By Dylan Corey, Collegian Staff

The Massachusetts football team honored five players for Senior Day ahead of Saturday’s 35-10 loss against the University of Maine. Willie Allen, Eric Collins, Evan Deckers, George Georgopoulos, and Avien Peah were recognized with their parents as some of the rare seniors and graduate students on UMass’ young roster.

While Allen and Collins transferred to UMass, Deckers, Georgopoulos, and Peah have spent their entire collegiate career with the program and watched a revolving door at the head coaching position. They saw the tail end of Mark Whipple’s time in Amherst, endured a painstakingly embarrassing 2-23 record under Walt Bell, and lost their final Homecoming game along with Senior Day to a pair of FCS teams that were paid over $600,000 combined to play the Minutemen under interim head coach Alex Miller.

Among all the possible critiques of the various coaches or Athletic Director Ryan Bamford, there’s no excuse for the seniors that chose to play here, stay here, and invested countless hours of time to never win more than one game in a season. Following the loss to Maine, the team refused to allow players to speak with the media for the second week in a row. Among those requested was Avien Peah, who would’ve been given a chance to reflect on his final game at McGuirk and offer his thoughts on the past and future of the program.

The timing of Bamford firing Bell and defensive coordinator Tommy Restivo the week of Senior Day shows how the seniors have been continually ignored and disrespected by the program. Bamford has always waited to make these changes until the end of the year but stated in a press conference that part of what went into the decision was allowing a prospective head coach to capitalize on the early Dec. 15 signing date in college football.

The issue is Bamford also admitted that most of his coaching targets are currently in positions of their own, and therefore aren’t focused on recruiting for UMass. He listed an arbitrary hiring date of Dec. 1 and said it would give that coach two weeks to work on building a recruiting class.

“We cannot miss a recruiting cycle,” Bamford said. “While I certainly would have hoped for better results and giving ourselves a chance to evaluate the entire body of work through 12 games, I felt like this was in the best interest of the future of the program.”

Admittedly, Bamford has a tough role to find a balance between trying to win whatever games you can as well as the bigger picture of thinking about the future of the program. But it’s a tough sell to say that a future coach, who may or may not be hired in time to contact and bring in recruits for a couple of weeks should take complete priority over the seniors and graduates. Those student athletes have dedicated so much to a losing program while Bamford takes chances on first-time coaches and agrees to a hefty contract extension.

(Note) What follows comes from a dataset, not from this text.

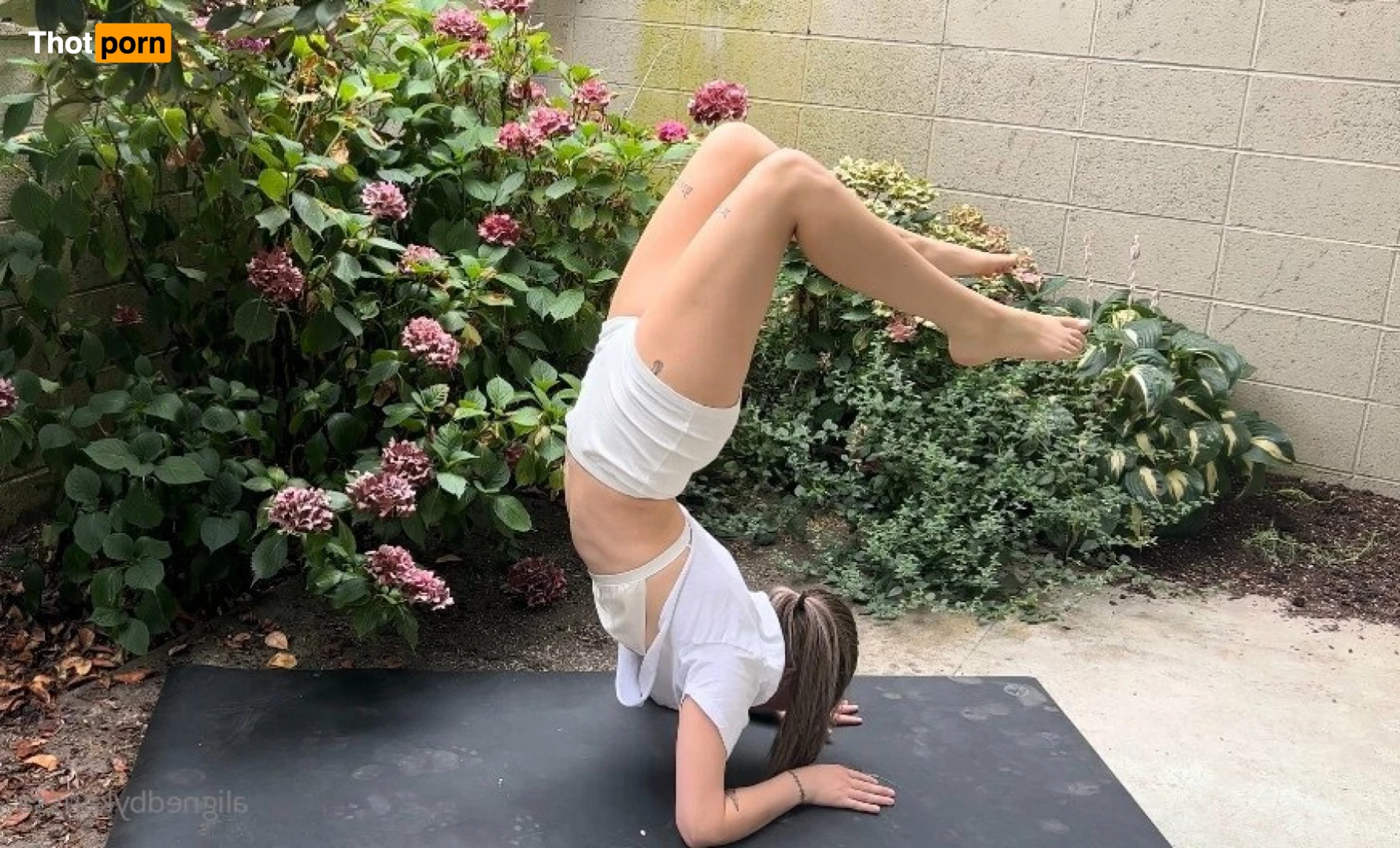 Aligned By Karissa 5814723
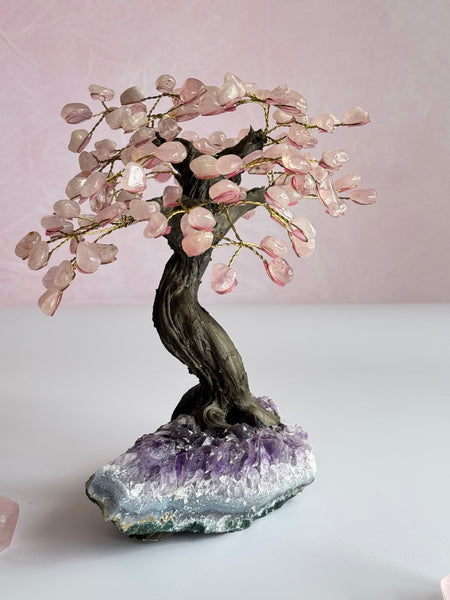 Rose Quartz Bonsai Tree on Amethyst Base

Later in that press conference, Bamford said that he told the upperclassmen that he appreciated their work, commitment, and dedication to the team. He also told them that at some point, football ends for everyone and they at least have a valuable degree.

Causing complete chaos and unrest by firing their head coach and defensive coordinator right before Senior Day isn’t the best way for Bamford to walk the walk. Miller spoke to how hectic his role has been in the last few days as an interim head coach, especially as it pertains to figuring out the best method of assigning play calling duties.

“The beauty about when you get thrown in a fire like this is you see what burns and you see what doesn’t,” Miller said.

But if you’re Bamford, abandoning your current seniors and giving them little to no shot on Senior Day or the rest of the season while citing the possibility of having a few extra days to recruit come December as justification? That burns. That burns players like Peah, Georgopoulos, and Deckers for everything they have given to the program. It burns a bright light on the issues with the management of Massachusetts football.